В юношеских произведениях Гюго угадывается удивительный профессионализм, из-за которого некоторые критики заподозрили его в том, что он переписывал стихи других поэтов, – правда, обнаружить плагиат так и не удалось. Его александрийские стихи уже тогда отличались великолепной звучностью, из-за чего их почти невозможно читать про себя или сидя. Перед нами поэт в поисках контекста – в идеале, огромной толпы, которая разражается радостными восклицаниями в конце каждой строфы. Сам Гюго сравнивал свой стиль с дымящейся вулканической лавой, успевшей отвердеть{162}. В пятнадцать лет вулкан с равным удовольствием извергал трогательную фантазию в стиле Расина под названием «Отец оплакивает гибель сына» и небольшое произведение о ночных горшках.

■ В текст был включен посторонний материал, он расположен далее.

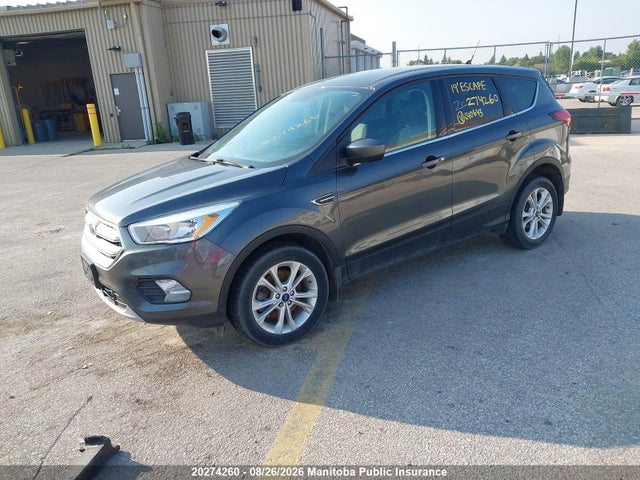 1FMCU9GD4KUC40643 Ford ESCAPE SE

На поверхности все казалось ясным: отец, если верить еще одной «Элегии», был посредником «неумолимой Судьбы», разлучившей его со «святой» матерью. Единственным противоречием служит то, что «искренность» зависела от благоразумного применения риторических приемов: «Эта элегия отнимает два часа труда… Почему разум так скупо говорит о том, что так глубоко чувствует сердце?» Вот дилемма исповедального поэта:


Если, чтобы стать хорошим поэтом,
Нужно быть полным своей темой,

Если тема – я сам?{163}

Такой механический формализм, который как будто лишает стихи эмоциональности, собственно послужившей поводом для их появления, составлял основную часть замысла. Поэзия служила еще и средством подавления. Слова, записанные на бумаге, можно стереть из головы; сомнения переходят в уверенность. Тягостные воспоминания можно изменить, а затем вспомнить заново по написанному. Следующие строки из «Прощания с детством» (Mes Adieux à l’Enfance) обращены к матери, но их можно с таким же успехом обратить к искусству, заниматься которым Софи Гюго поощряла сына:


Приди и подави пылкое буйство моей ретивой юности.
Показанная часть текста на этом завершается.